What the exercise asks: Only the lines from the line containing "Retails at $1195.00." to the end of the material belong in the copy; set them down exactly, without pictures.

Supplied material:

--- START ---

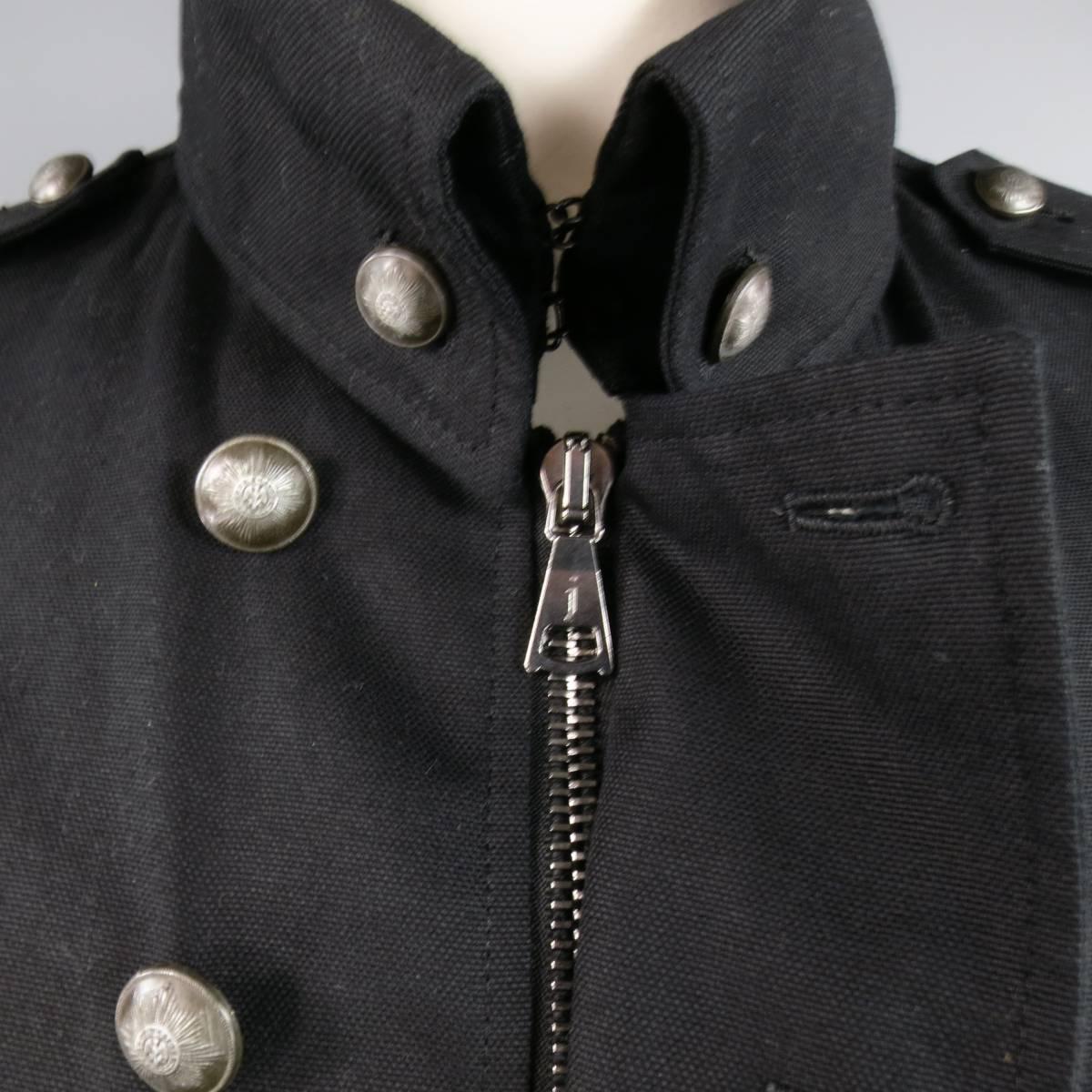 Modern miltary jacket by JOHN VARVATOS in black cotton canvas featuring a pointed collar with buttons, shoulder epaulets, double zip pockets, tab cuffs, and double breasted closure with brass buttons. Made in Italy.
Retails at $1195.00.
 
New with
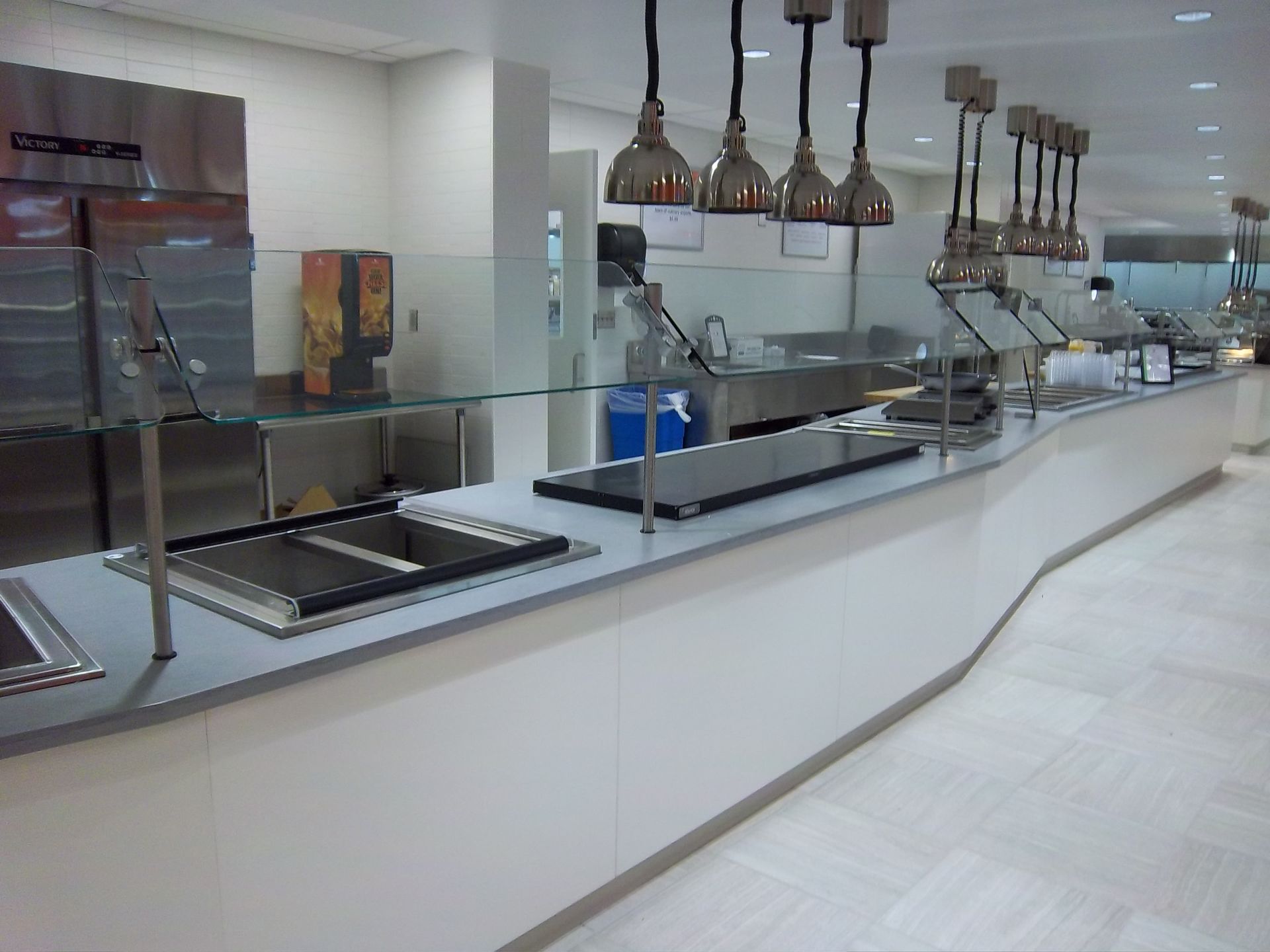 A clean, modern cafeteria serving counter with white cabinets, gray countertops, and overhead heat lamps.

--- END ---

Solution:
Retails at $1195.00.
 
New with
 A clean, modern cafeteria serving counter with white cabinets, gray countertops, and overhead heat lamps.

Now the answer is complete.